आधार ईमानदारी का बड़ा माध्यम है। इस आधार कार्ड में मेरा नाम, पता है, इसमें मेरी जाति-धर्म, मेडिकल रिकॉर्ड नहीं हैः रविशंकर प्रसाद, विधि मंत्री pic.twitter.com/itVVtj0feh
— Lok Sabha TV (@loksabhatv) July 4, 2019
Meanwhile, in the Rajya Sabha, majority of members supported the Indian Medical Council (Amendment) Bill, 2019, which provides for supersession of Medical Council of India for a period of two years with effect from 26 September, 2018.
Health Minister Harsh Vardhan moved the Bill, passed by Lok Sabha on Tuesday.
Earlier, CPI leader Binoy Viswam moved a resolution to disapprove the Indian Medical Council (Amendment) Second Ordinance, 2019 promulgated on 21 February, 2019.
Rising to support the bill, Samajwadi Party leader Ram Gopal Yadav (SP) blamed the government for the inordinate delay in bringing the draft law to the House.
Yadav also asked the government to bring a National Medical Commission to streamline the medical education in the country.
BJP leader Vikas Mahatame also supported the Bill and said medical seats have been increased by 15,000 in the country.
While supporting the Bill, Congress leader Jairam Ramesh asked the government to bring the National Medical Commission Bill in Parliament.
R Lakshmanan (AIDMK), Prashanta Nanda (BJD), JD(U) leader Ram Chandra Prasad Singh, and K Keshav Rao (TRS) also supported the Bill.
The Indian Medical Council or the Medical Council of India (MCI) was set up under the Medical Council Act 1956, for setting standards for medical professionals, new medical colleges and revision of curriculum, among others.
The Cabinet on 12 June had approved the Indian Medical Council (Amendment) Bill, 2019, which provides for supersession of the MCI for a period of 2 years with effect from 26 September, 2018, during which the board of governors will run it.
The move aims to ensure transparency, accountability and quality in the governance of medical education in the country.
The health ministry had come across certain arbitrary action by the MCI in disregard to the provision of IMC Act and regulations. Further, the oversight committee constituted by the Supreme Court to oversee the functioning of MCI had also cited instances of non-compliance of their instructions and subsequently all its members tendered their resignation.
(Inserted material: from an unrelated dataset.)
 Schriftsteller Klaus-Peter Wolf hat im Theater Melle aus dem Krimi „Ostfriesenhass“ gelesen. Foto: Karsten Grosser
In view of these developments and to put an alternative mechanism in place of MCI so as to bring transparency, accountability and quality in the governance of medical education in the country, it was decided to supersede the MCI through the Indian Medical Council (Amendment) Ordinance, 2018, promulgated on 26 September and entrust its affairs to a board of governors consisting of eminent doctors.
Subsequently, the Indian Medical Council (Amendment) Bill, 2018, was introduced in the Lok Sabha on 14 December, 2018, and passed by the House on 31 December.
However, the Bill could not be taken up for consideration in the Rajya Sabha.
Accordingly, it was decided to promulgate a fresh ordinance namely the Indian Medical Council (Amendment) Ordinance, 2019, to allow the board of governors appointed in view of supersession of MCI to continue to exercise powers of MCI.